● Crawled caption data
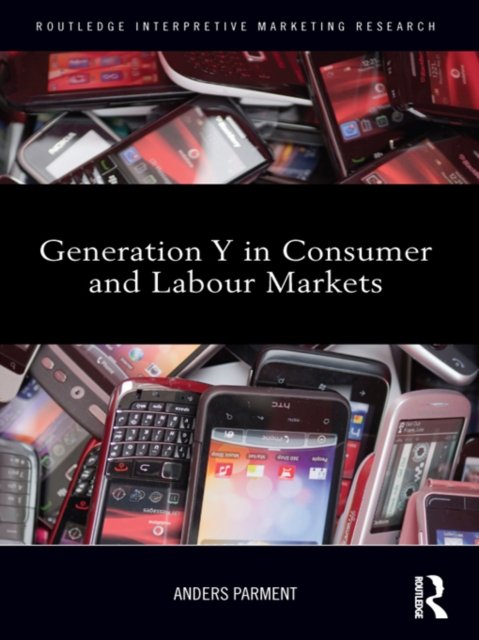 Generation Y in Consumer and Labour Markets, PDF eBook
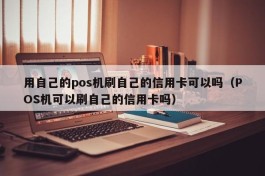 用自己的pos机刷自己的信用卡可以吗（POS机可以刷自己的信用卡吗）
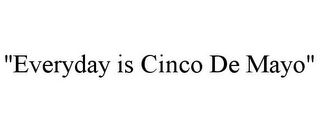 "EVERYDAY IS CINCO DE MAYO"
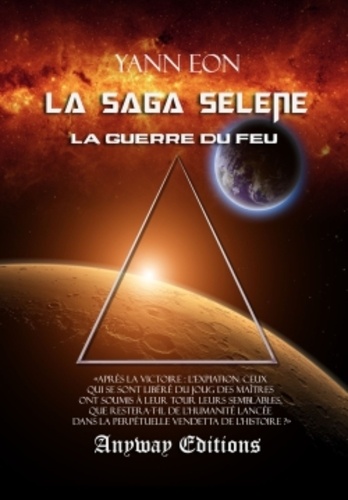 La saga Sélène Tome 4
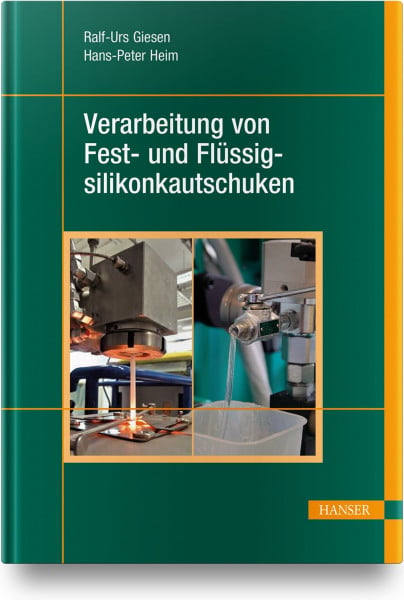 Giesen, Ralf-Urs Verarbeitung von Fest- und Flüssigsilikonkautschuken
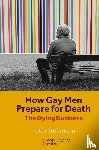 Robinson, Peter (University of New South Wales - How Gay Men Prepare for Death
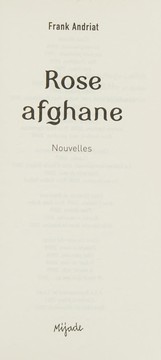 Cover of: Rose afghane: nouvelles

● INSTRUCTIONS TO FOLLOW
Repeat the lines of the records verbatim, starting at the line containing "IS CINCO DE" and stopping after the final line. Images stay out.

● RESPONSE TO THIS EXERCISE
 "EVERYDAY IS CINCO DE MAYO"
 La saga Sélène Tome 4
 Giesen, Ralf-Urs Verarbeitung von Fest- und Flüssigsilikonkautschuken
 Robinson, Peter (University of New South Wales - How Gay Men Prepare for Death
 Cover of: Rose afghane: nouvelles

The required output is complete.